A fantasy short film typically runs 5-18 pages and is defined by magical short films that create a sense of wonder within strict page constraints. fantasy shorts succeed through implication — a glimpse of a larger magical world is more powerful than a tour of it.
Fantasy shorts should introduce one magical element and explore it fully. World-building happens through production design cues and character reactions, never through narration or dialogue explanation. The magic should have a cost or consequence that creates the story's tension. Practical, low-budget magical effects should be considered — the best festival fantasy shorts use suggestion over spectacle. Fairy tale and fable structures work naturally in short form. The magical element should be a metaphor for the human story underneath. End with wonder — the audience should leave with a sense of enchantment or awe.
Introduce the character and the magical element (1-3 pages). Explore the implications and consequences of the magic through a single scenario (3-10 pages). Resolve with transformation, loss, or wonder (1-3 pages). Total: 5-18 pages. Festival-ideal: 8-15 pages.
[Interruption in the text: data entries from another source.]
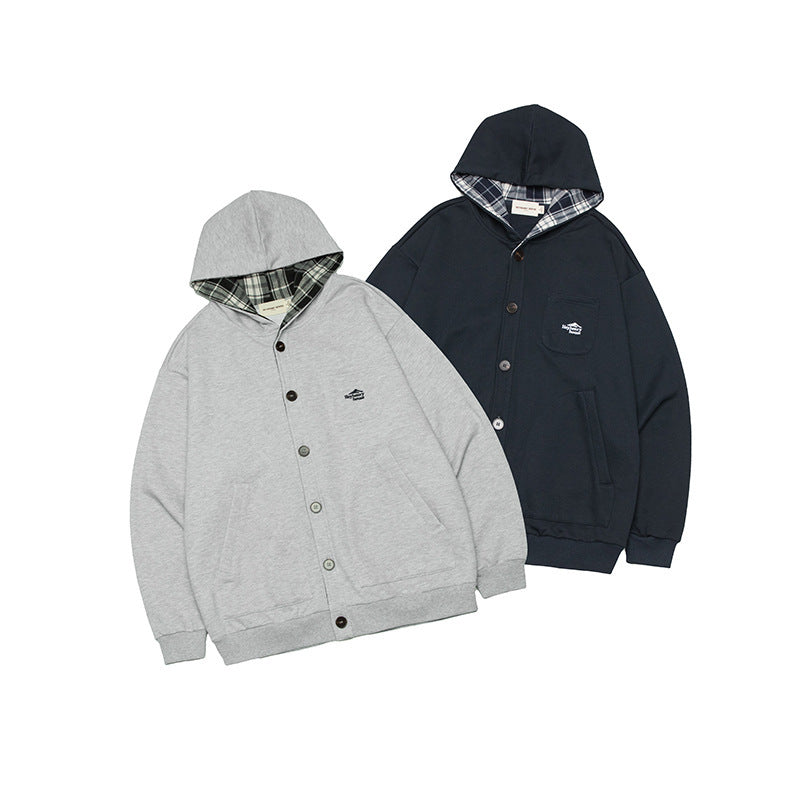 Retro Cardigan Hoodie Fashion Brand Idle Style Couple's Tops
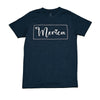 April & Olive T-Shirt Merica T-Shirt, Navy Melange, Small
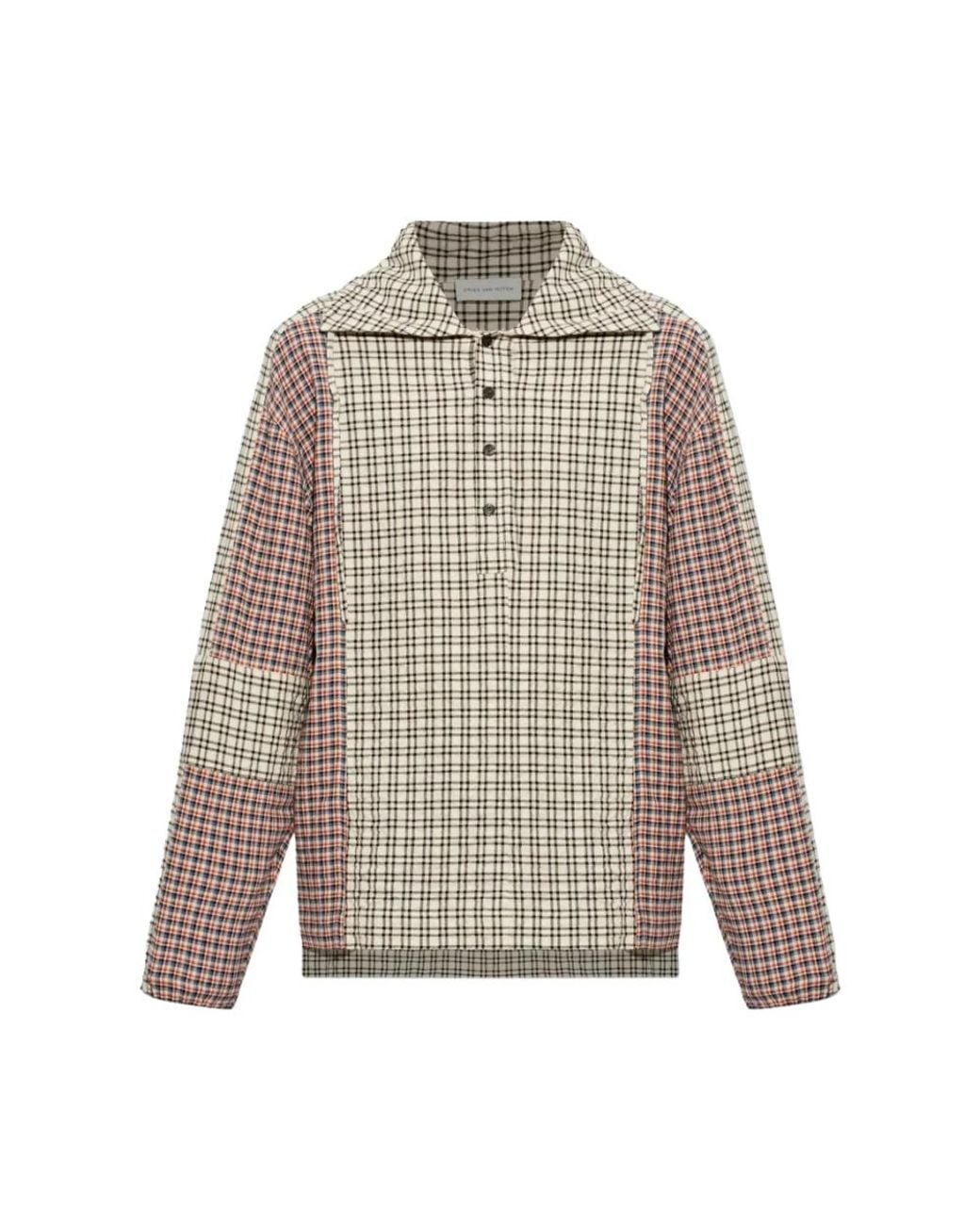Dries Van Noten Gray Casual Shirts for men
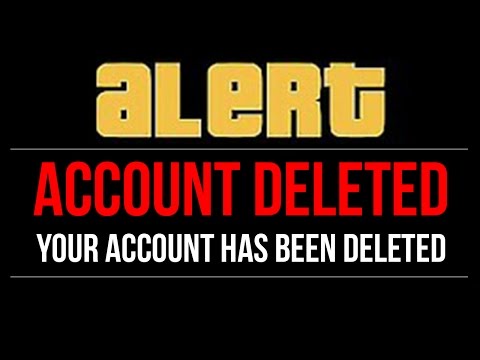 GTA 5 Online - Rockstar DELETE GTA 5 Accounts!! (HUGE...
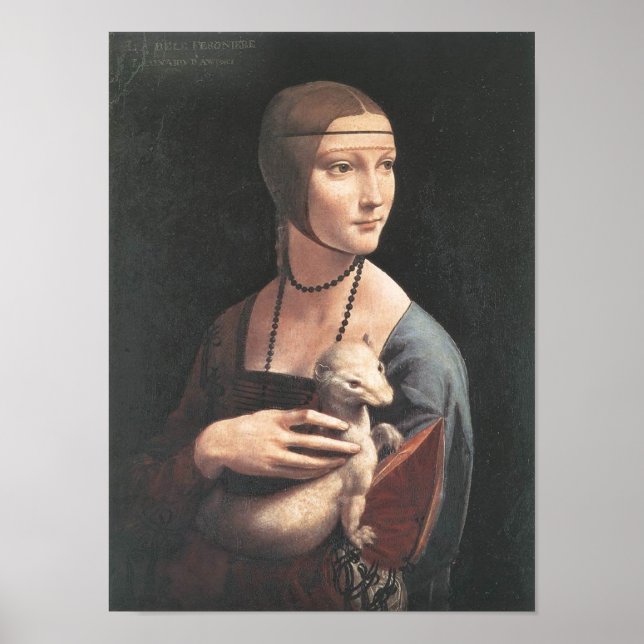 Dama con ermellino Da Vinci Fine Art Poster (Front)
Define your magic system's rules and costs before writing. Magic without limits creates no dramatic tension.
Build the world through character interaction, not exposition. Nobody in your fantasy world should explain things they already know.
Keep invented names pronounceable and limit the number of new terms per scene.
Make the fantasy world a metaphor for the protagonist's internal journey. The best fantasy is deeply personal.